__Work request__: Would you write out the entries again, exactly as they are, but without images?

(Web page caption snippets)
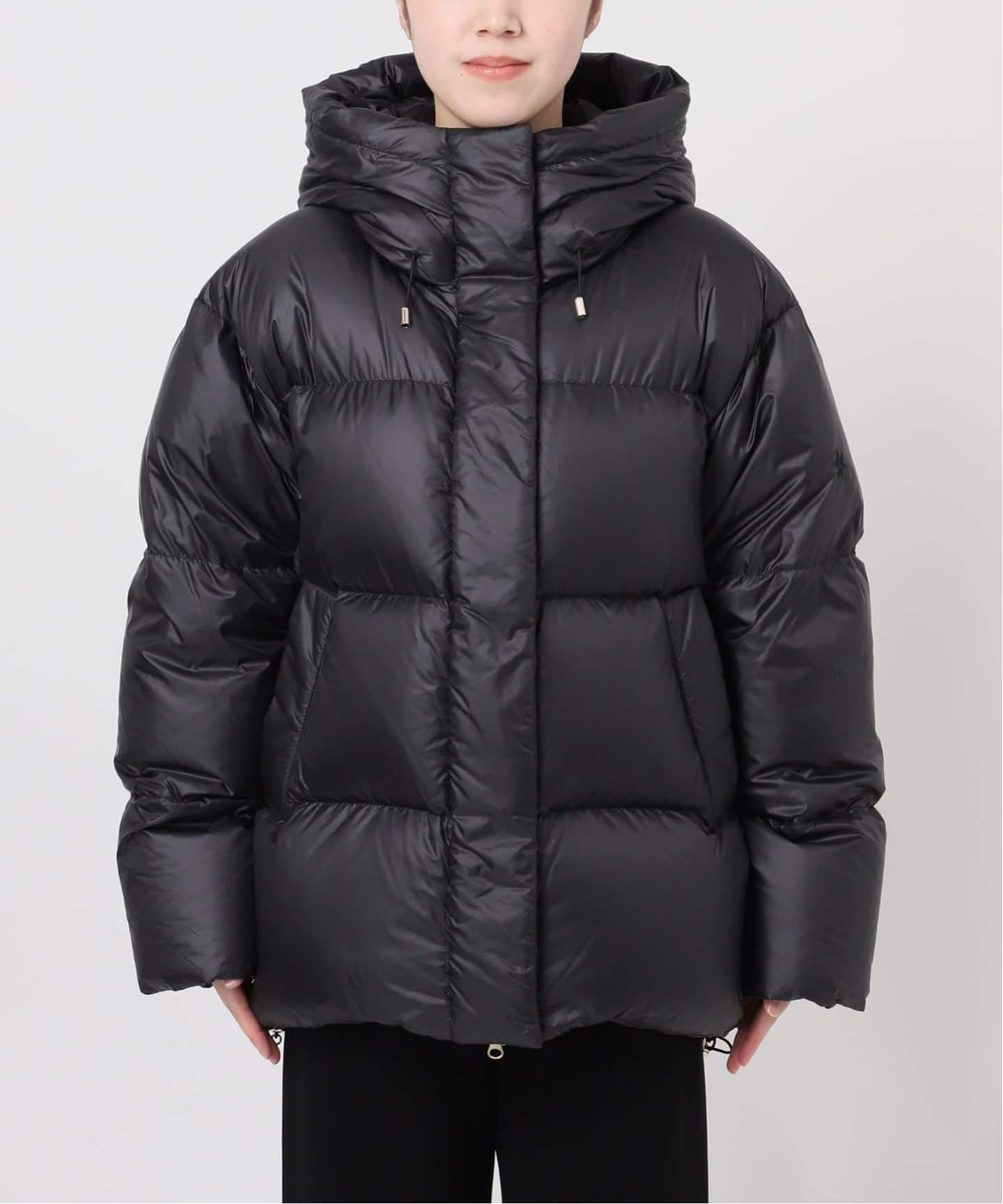 Goldwin /ゴールドウィン】別注PERTEX QUANTUM Down Parka（その他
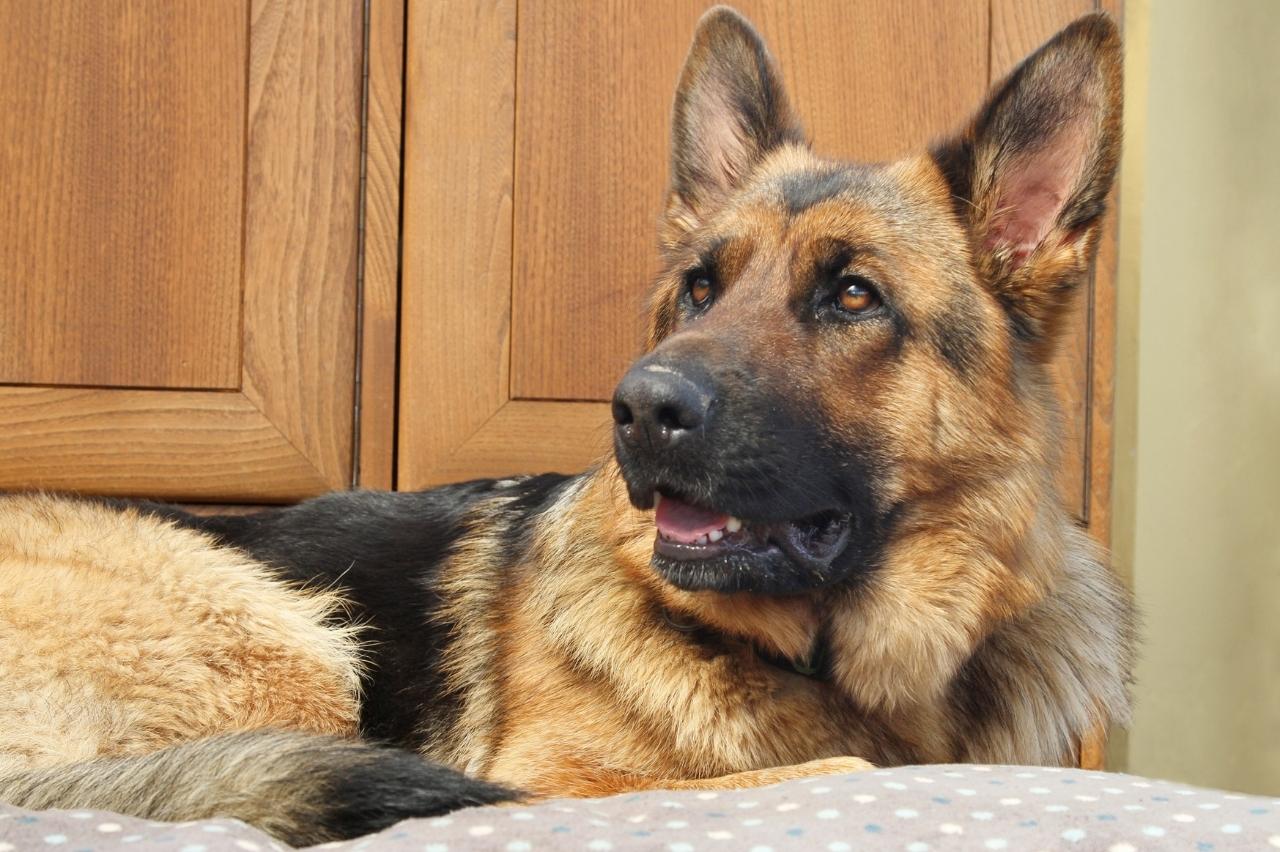 Best dog cameras for German Shepherds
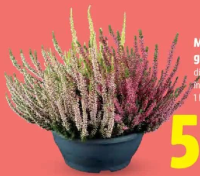 Mix Calluna în ghiveci 1 buc.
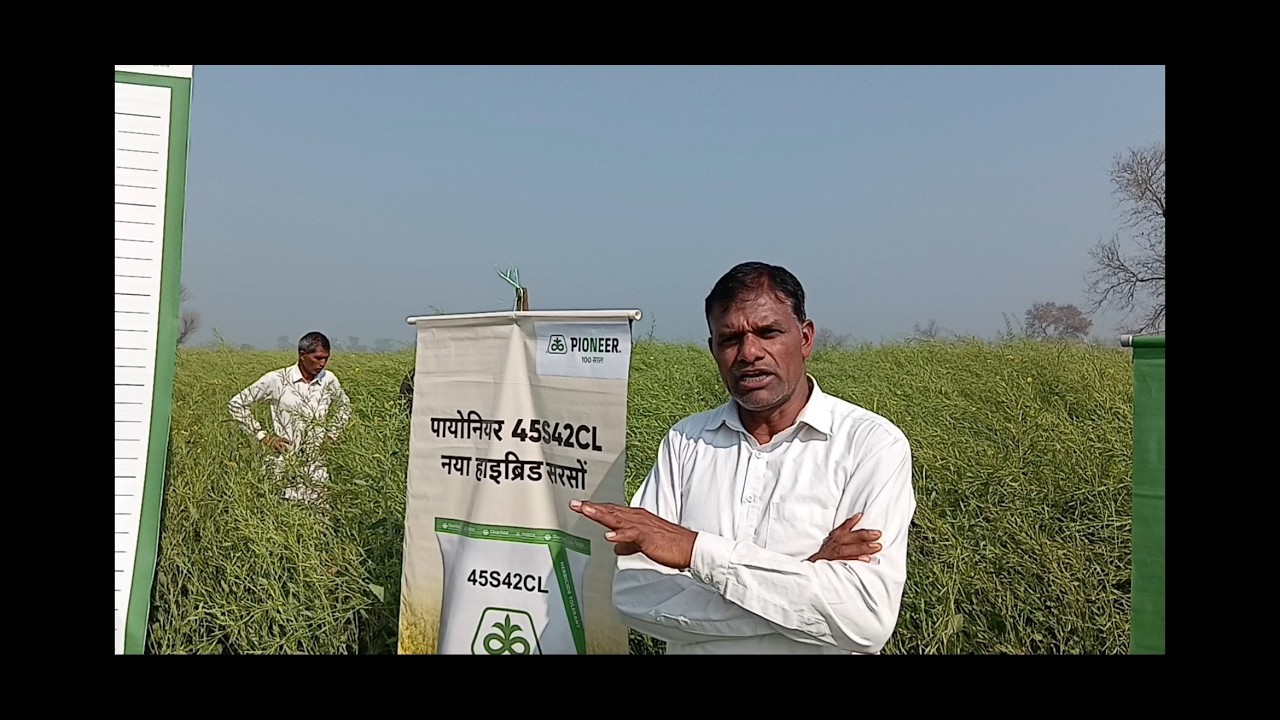 PIONEER# का मारागोजा अवरोधी किस्म का कैंप #farming #agriculture #nature #garden #villagelife #farmer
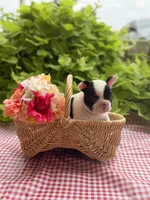 Black and White Female, a female French Bulldog for sale in Clinton, OK – 1 of 3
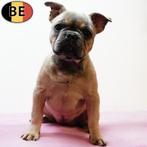 Franse Bulldog pups te koop (Belgisch), Dieren en Toebehoren, België, 15 weken tot 1 jaar, CDV (hondenziekte), Meerdere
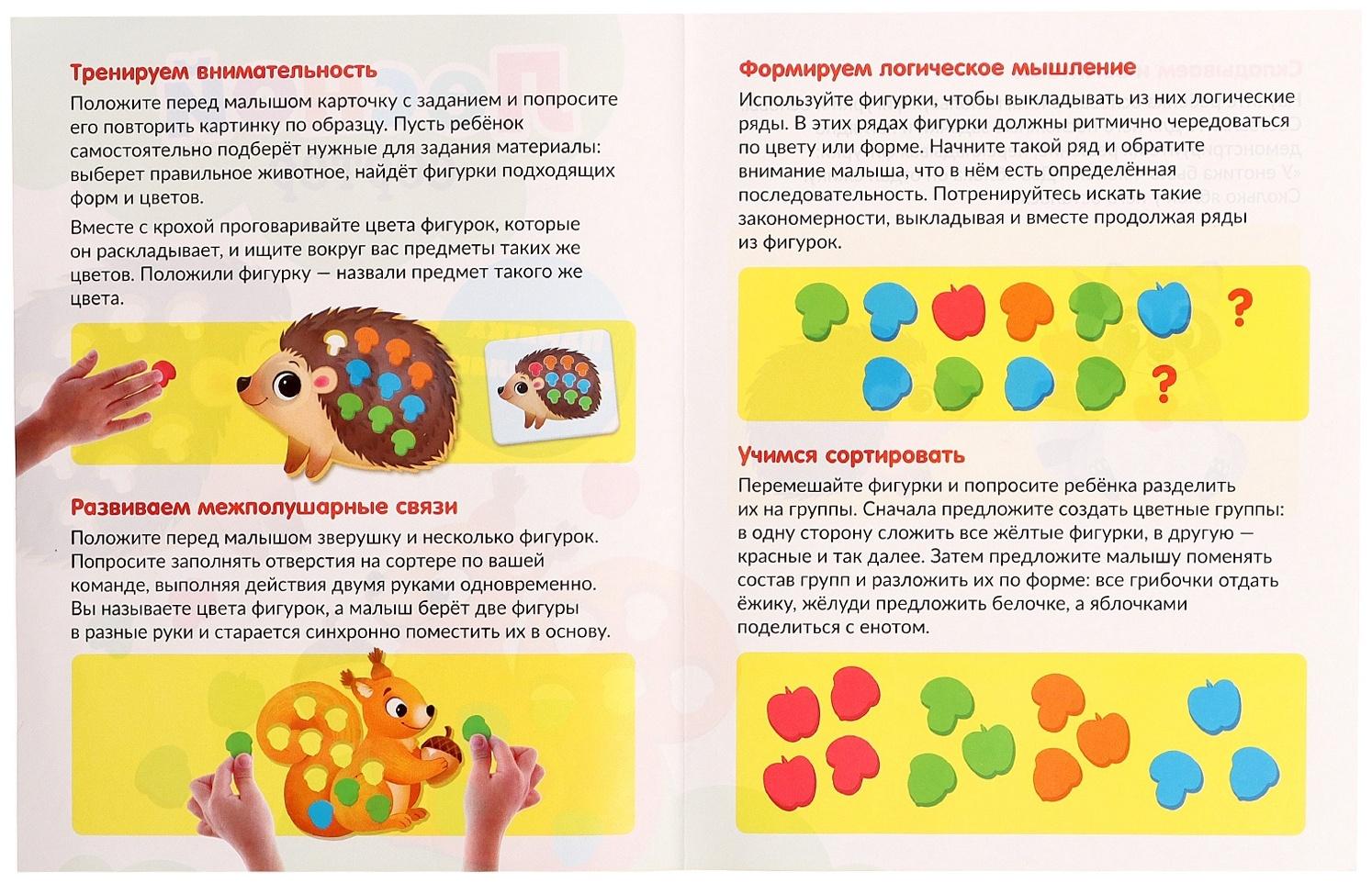 Развивающий набор «Лесной сортер», 3+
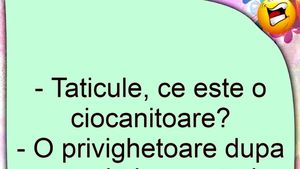 BANCUL ZILEI | "Tăticule, ce este o ciocănitoare?"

__Output of the task__:
 Goldwin /ゴールドウィン】別注PERTEX QUANTUM Down Parka（その他
 Best dog cameras for German Shepherds
 Mix Calluna în ghiveci 1 buc.
 PIONEER# का मारागोजा अवरोधी किस्म का कैंप #farming #agriculture #nature #garden #villagelife #farmer
 Black and White Female, a female French Bulldog for sale in Clinton, OK – 1 of 3
 Franse Bulldog pups te koop (Belgisch), Dieren en Toebehoren, België, 15 weken tot 1 jaar, CDV (hondenziekte), Meerdere
 Развивающий набор «Лесной сортер», 3+
 BANCUL ZILEI | "Tăticule, ce este o ciocănitoare?"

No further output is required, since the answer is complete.